Objective 4: Avoid or Escape from a Shale Lens

Referring now to FIG. 5, an example is shown of a drilling assembly 301 in a borehole (not shown) in an earth formation 300. Using the method described above, the borehole is being drilled above a oil-water contact 301. Also shown is the caprock 302 and ab exemplary shale lens 305 within the earth formation 300. Such shale lenses occur not infrequently in earth formations and if a borehole is drilled through such a shale lens, the portion of the borehole within the shale lens is non-productive and substantially useless due to the low permeability of the shale. In such a situation, an azimuthal neutron porosity or an azimuthal gamma ray logging device on the drilling assembly may be used to avoid the shale lens. Examples of such azimuthal gamma ray and and density logging devices would be known to those versed in the art. They typically have a depth of penetration of 7–20 cm into the formation surrounding a borehole.
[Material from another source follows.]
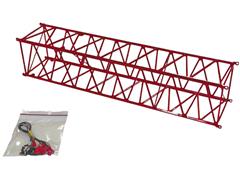 WEISS BROTHERS WBR030-1202EX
An example of a display from an azimuthal gamma ray or porosity tool is shown in FIG. 6. The displays 351 and 353 show an exemplary displays with two different filters, while 353 is an interpreted plot of formation dips. The images 351 and 353 both show differences between the two halves of the images. This is indicative of proximity to a shale lens. Appropriate corrective action can thus be taken.

As an alternative to a gamma ray or porosity logging tool, measurements made with an azimuthal resistivity tool (depth of investigation 1–3 m) or an azimuthal resistivity imaging tool (depth of investigation 3–10 cm) may be used. Qualitatively, they give displays that are similar to the example shown in FIG. 6 in the proximity of a shale lens.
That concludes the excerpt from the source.